Ho scritto un diario durante il mio viaggio in Germania, ho deciso di non riportarlo perchè troppo intimo per poterlo pubblicare. Non ho scritto molto, anzi, i momenti in cui trovare il tempo per scrivere sono stati pochi, ne è venuto fuori un mondo strano. Per la la prima volta dopo tanto tempo ho guardato al di fuori di me, ho rivolto i miei occhi su tutto ciò che mi circondava. Mi sono visto come una piccola briciola nel mondo, mi sono visto in relazione agli altri e non più (come spesso succede quando si viaggia o si pensa da soli) in relazione con me stesso. E mi sono visto piccolo piccolo.
Non so bene se parlare del viaggio o ei miei pensieri nel viaggio. Se dovessi riassumere il tutto direi che è stato il viaggio del coraggio. Quello di chi molla tutto per andare in un paese straniero, che nulla ha in comune con le proprie radici, un modo per cercare la felicità e per trovare un luogo. Il coraggio di quelli morti per scavalcare Il Muro, per tornare da chi amavano. Forse è stato il momento più emozionante, quello in cui mi sono sentito più fortunato di quei 180 morti per aver tentato di passare di là.
E' stato il viaggio degli altri, per gli altri, che però è servito anche a me.


sabato 3 marzo 2007

Com’è che sento dentro questa dolcezza...?

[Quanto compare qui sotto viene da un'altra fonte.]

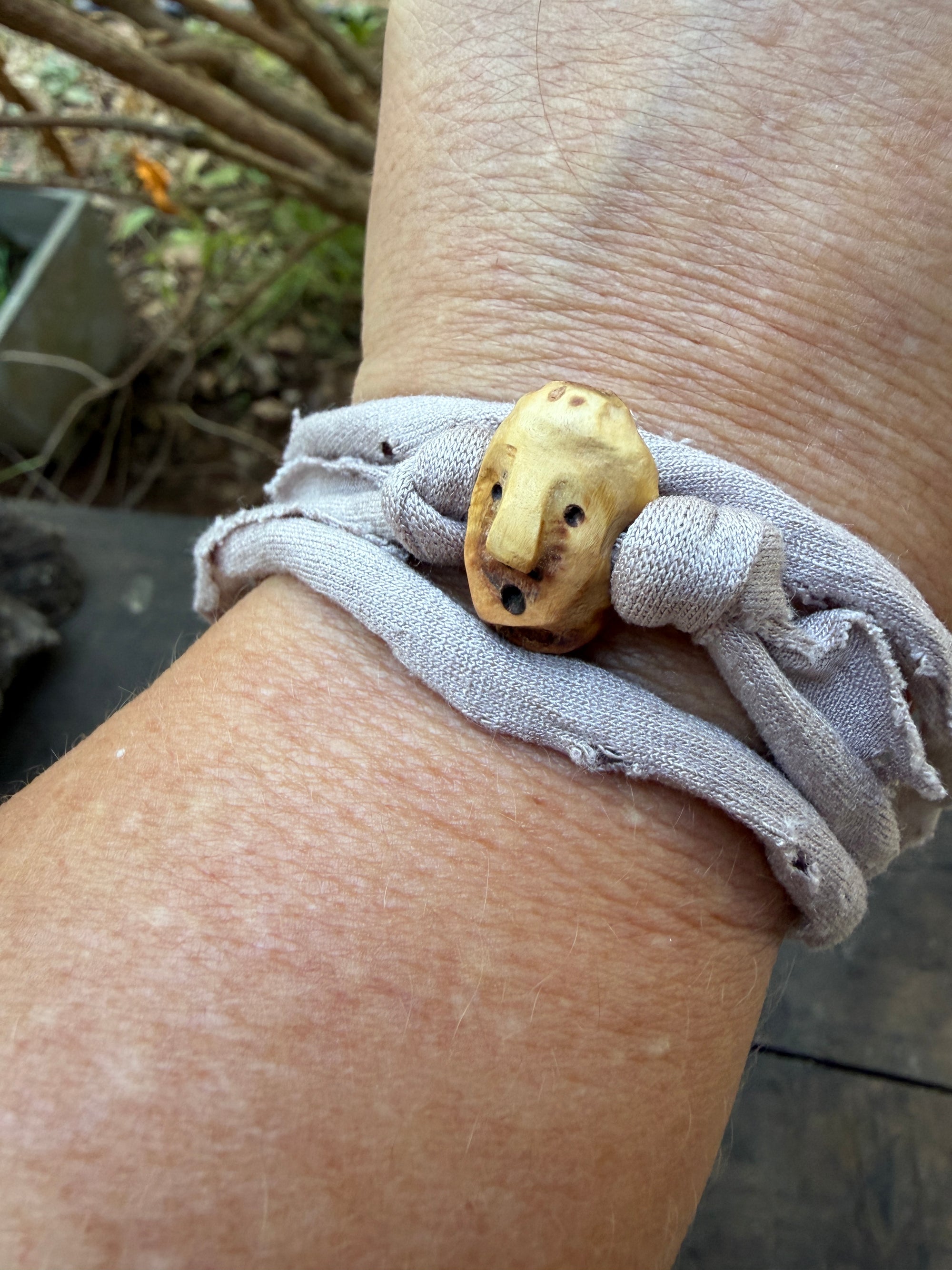 Armbandwichtel Windflüsterer handgeschnitzt aus magischer Baumperle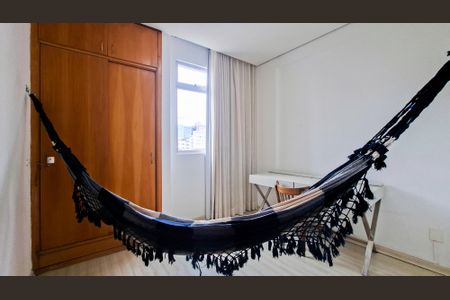 Quarto 2 de apartamento para alugar com 2 quartos, 60m² em Santo Antônio, Belo Horizonte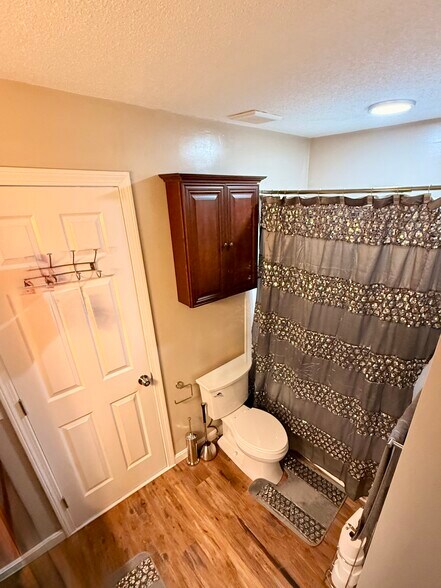 Full bathroom (Jack & Jill entrances) - 11 Devon Club Ln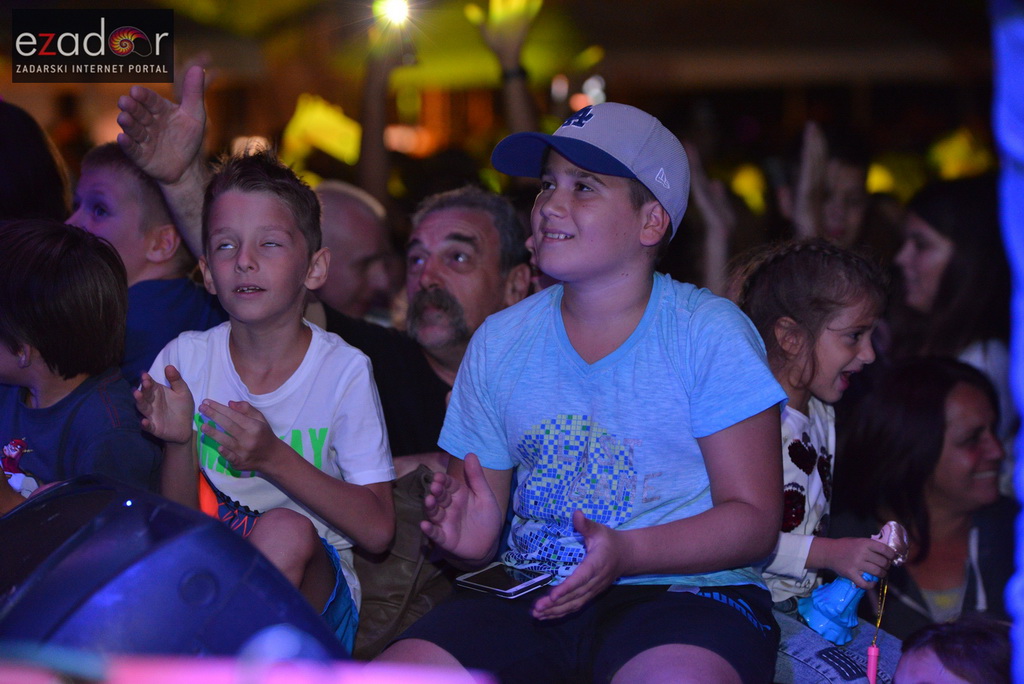 Stanarska fešta 2017: Mladen Grdović i Ivica Sikirić Ićo raspjevali Stanarce i njihove goste Stanarska fešta 2017: Mladen Grdović i Ivica Sikirić Ićo raspjevali Stanarce i njihove goste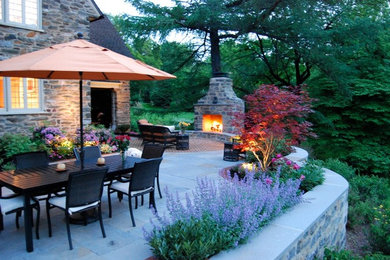 Inspiration for a timeless patio remodel in Philadelphia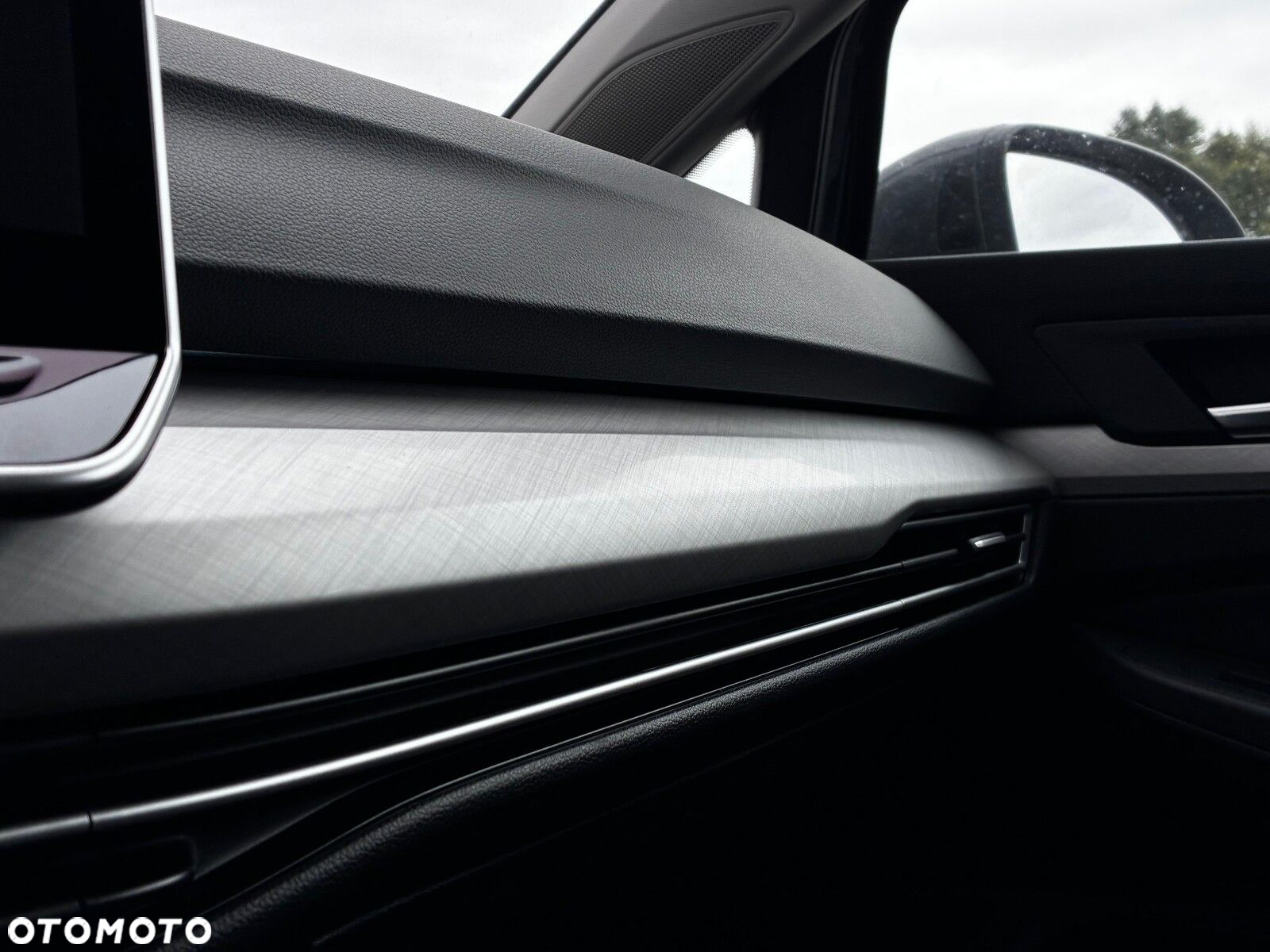 Volkswagen Golf - 22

Vorrei che tutto fosse come ora, come sto ora con i miei occhi stropicciati per il sonno e la voglia di tornare a letto a non-dormire visto che sono solo le sei e trenta. Vorrei sentire sempre questa dolcezza che mi prende e che mi fa pensare che tutto sommato sto bene e che forse (forse) non mi serve altro. E che anche se ho paura fa niente, quella prima o poi passa, perchè se sto così bene allora non devo averne perchè aùllora posso farcela.
I miei bulbi (quelli dei fiori, non quelli oculari) stanno crescendo, se penso da dove arrivano, allora come un flash mi rifaccio tutto quel viaggio in 3 secondi e mi dico che voglio proprio vederli fiorire, non vedo l'ora, e ancora la dolcezza torna. E penso che sto bene, che è bello sentirmi così, anche se un po' vulnerabile.
Sento che qualcosa dentro me si è messo in moto, come se avessi scoperto un nuovo angolo del mio sgabuzzino interno che non conoscevo. Sarà che ora sono ancora anestetizzato dal sonno e che gli occhietti sono due piccole fessure di luce, sarà che la mia mente è a metà strada tra il sogno e la realtà, sarà che ho bevuto il latte scaduto (al massimo mi viene il cagotto). Io la chiamo dolcezza questa cosa che sento dentro e che mi fa venire da piangere perchè sono felice di esserci, di essere, il resto non conta poi molto, perchè so che alla fine un senso c'è anche se non lo vedo. E' vero ho paura, di me, di quello che c'è dentro di me, non ho paura del mondo però, quello ho imparato un po' a conoscerlo, ma è quello che arriva da me che mi fa paura perchè non so come gestirlo, però ora sento 'sta dolcezza e, porca vacca, se sto bene!